§ Recorded information:
== Segment start ==

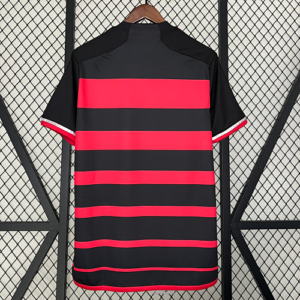 Camiseta Flamengo 2024 Local — detalle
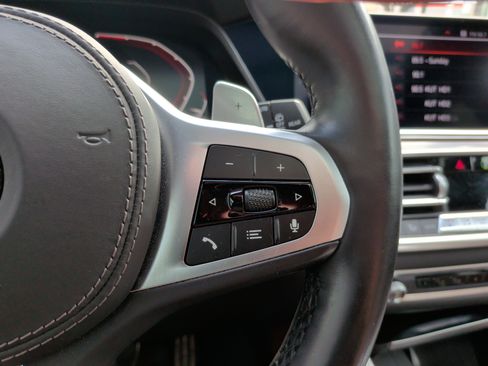 Used 2019 BMW X5 xDrive50i w/ M Sport Package image 20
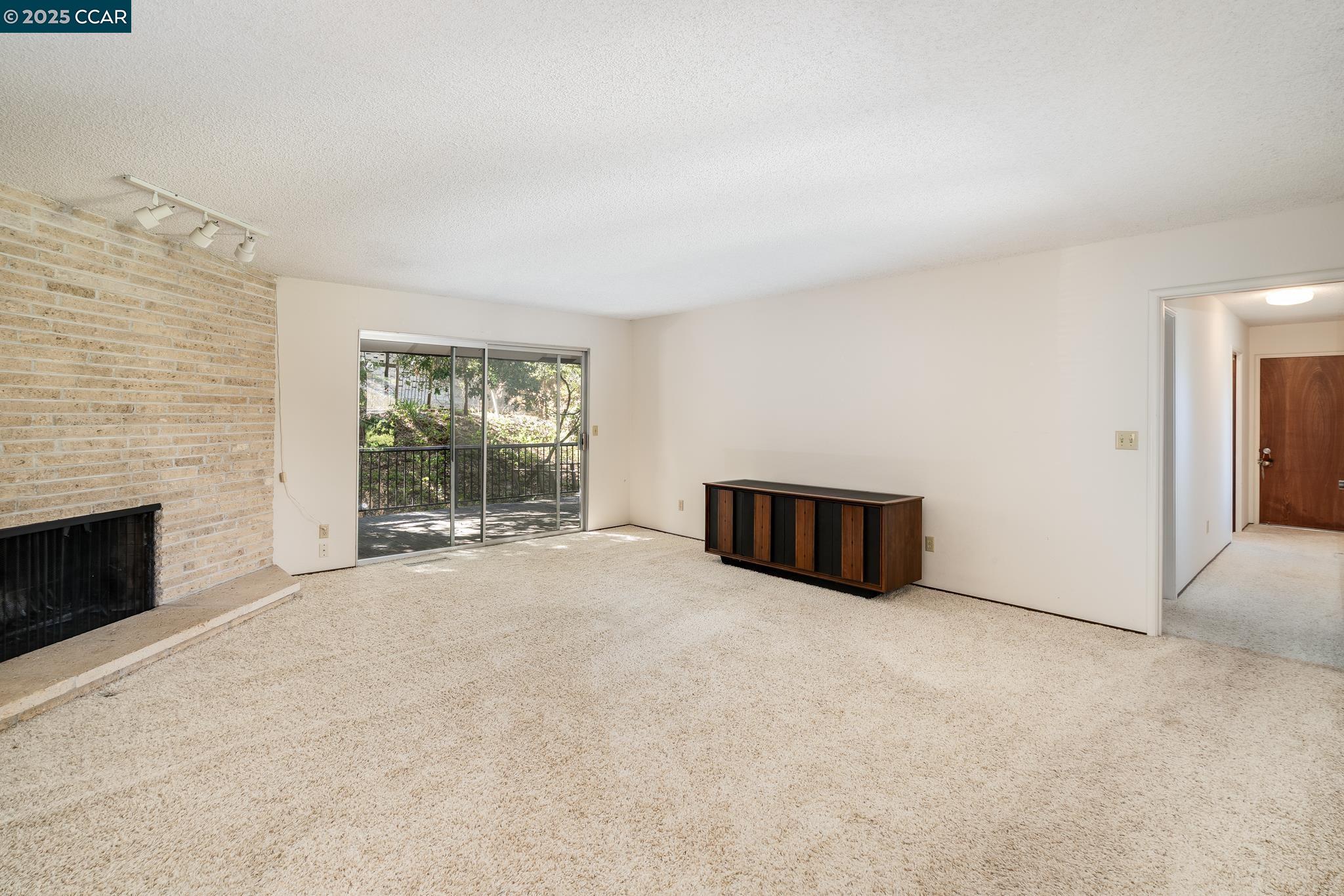 200 Lark Ln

== Segment end ==

§ What this task involves:
Would you please give the material above again, unchanged but without pictures?

§ Written answer:
 Camiseta Flamengo 2024 Local — detalle
 Used 2019 BMW X5 xDrive50i w/ M Sport Package image 20
 200 Lark Ln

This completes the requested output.